* [WORK TASK] Transcribe the data in full and exactly, omitting any pictures.

* [SOURCE MATERIAL]
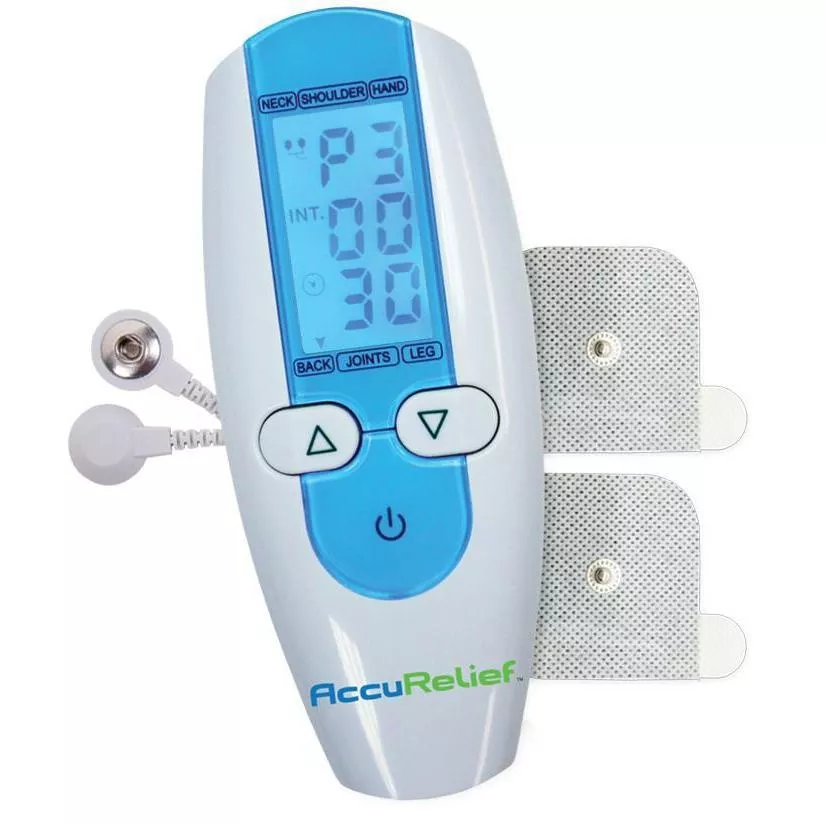 AccuRelief™ Single Channel TENS Device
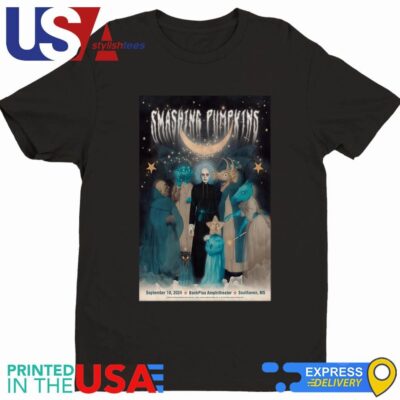The Smashing Pumpkins September 10 2024 Snowden Grove, Southaven, MS Event Shirt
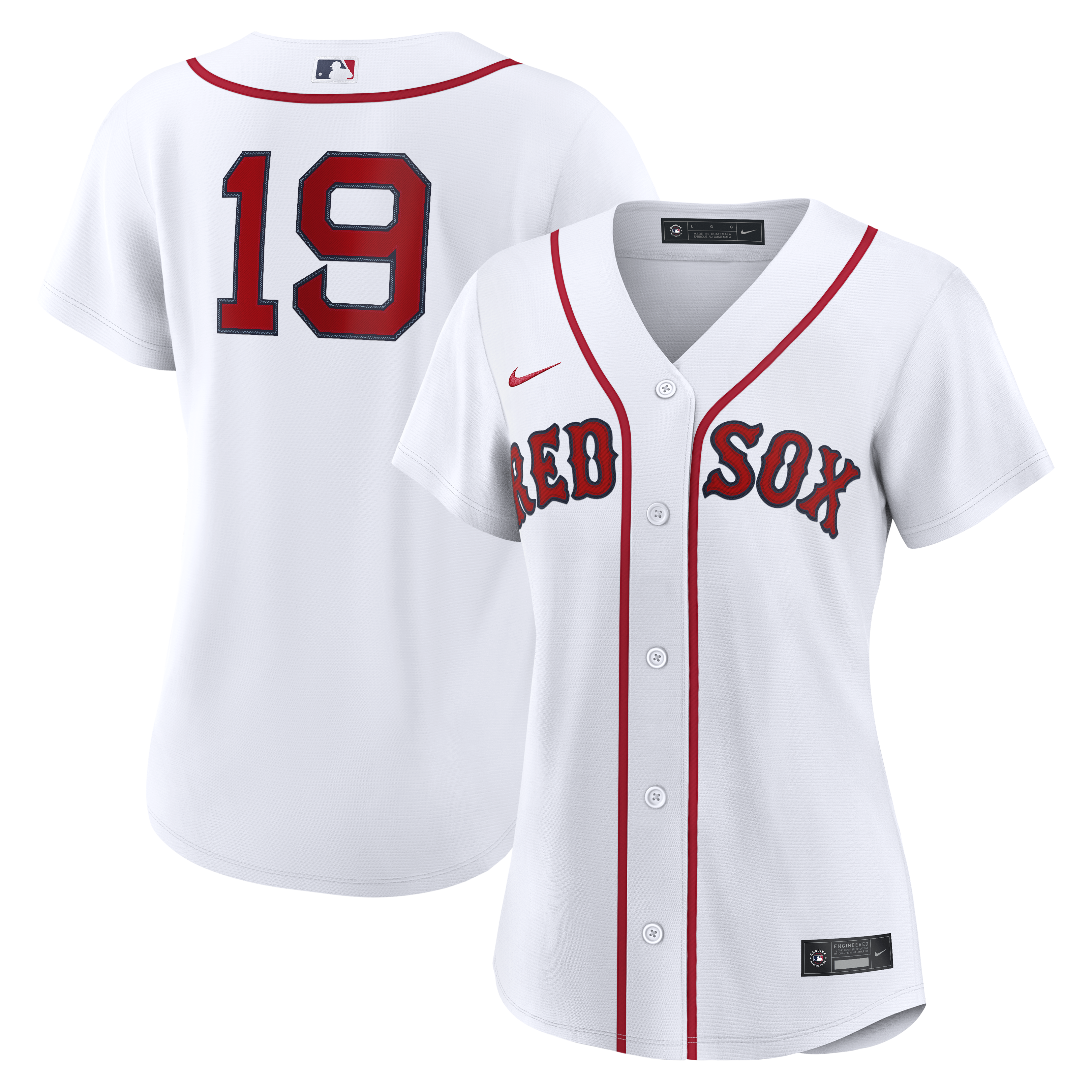 Roman Anthony Boston Red Sox Women's Home Player Jersey - White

* [COMPLETED EXERCISE]
 AccuRelief™ Single Channel TENS Device
The Smashing Pumpkins September 10 2024 Snowden Grove, Southaven, MS Event Shirt
 Roman Anthony Boston Red Sox Women's Home Player Jersey - White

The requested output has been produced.